Skills crisis
Unite has renewed its demands for radical action to be taken to tackle the deepening skills crisis facing the construction industry.
Unite made its call following the publication of this week’s (February 5) Construction Industry Training Board’s (CITB) annual skills report.
The report predicts that the sector will continue to grow with a need for an additional 158,000 workers needed in the next five years.
With an expected large increase in housebuilding there will be a particular demand for carpenters (15,350) and labourers (9,350). However, the greatest demand will be for managerial (7.8 per cent) and professional (5.6 per cent) workers.
Despite the expected continued need for new entrants into the industry, construction has failed to recruit sufficient numbers of apprentices for decades. In 2015/16 just 21,460 apprentices were recruited with completion rates far lower due to high drop-out rates.

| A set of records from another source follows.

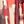 Poppy Red Abstract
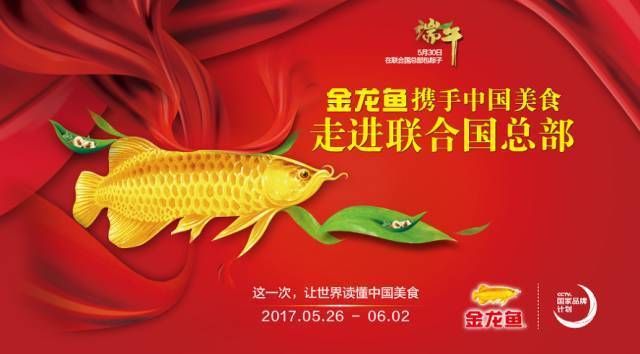 金龍魚代表什么意思（金龍魚在中國文化中具有豐富的象征意義） 龍魚百科 第5張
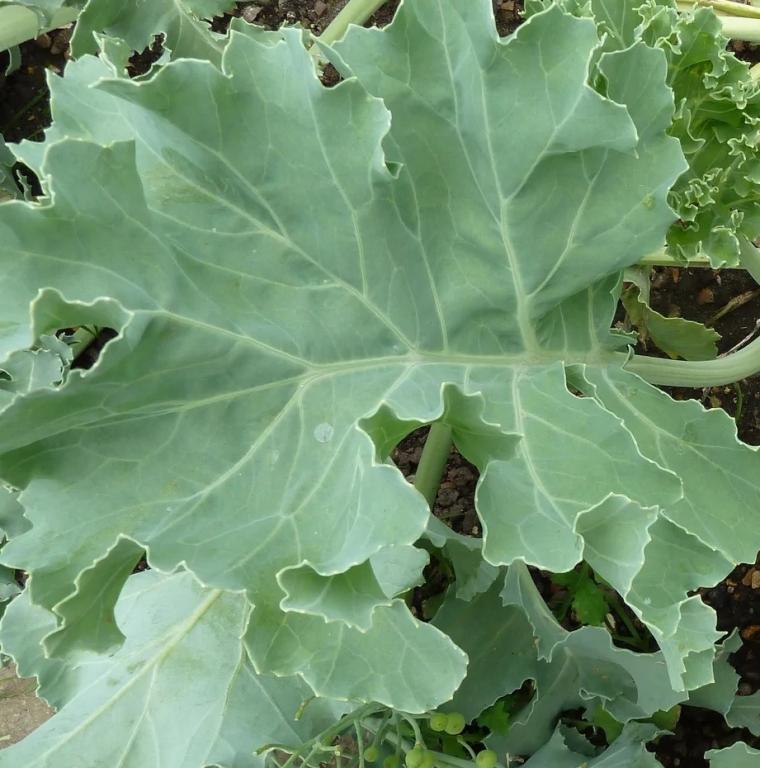 Kale, Sea Kale, 'Lily White'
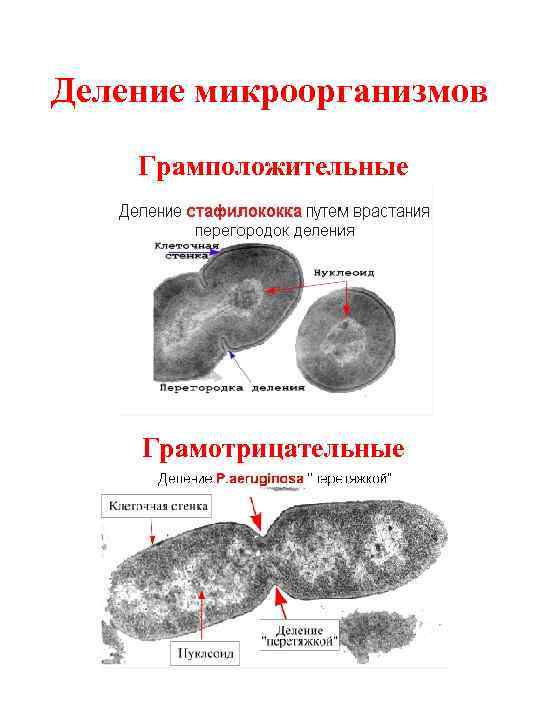 Деление микроорганизмов Грамположительные   Грамотрицательные 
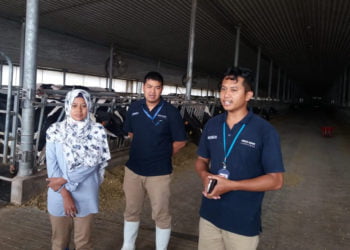 BERI PENJELASAN. Penanggung jawab peternakan sapi perah GGLC, Anggun, didampingi dua stafnya memaparkan proses menghasilakn susu murni di peternakan sapi perah yang dikelola Great Giant Livestock Company (GGLC) di Terbanggibesar, Rabu (3/7). (LAMPUNG POST/WAHYU B PAMUNGKAS)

It is feared that apprenticeship recruitment rates may have fallen even further following the introduction last year of the apprenticeship levy, which has resulted in a fall in the number of apprentices across all sectors.
“The industry remains in denial about apprentices with everyone thinking it is someone else’s responsibility to train the workers’ of tomorrow,” said Unite assistant general secretary Gail Cartmail.
“The challenges facing the future of the industry are continually mounting and Brexit will mean that the quick fix of recruiting skilled labour from abroad will no longer be easily available.
“As the industry can’t be trusted to resolve the apprenticeship recruitment crisis, it becomes the responsibility of government and clients to make the recruitment of apprentices a key requirement on all contracts,” she added.
“Unite has been a key broker in ensuring there are apprenticeship recruitment targets on major projects such as Hinckley Point. This model needs to be rolled out across the industry.”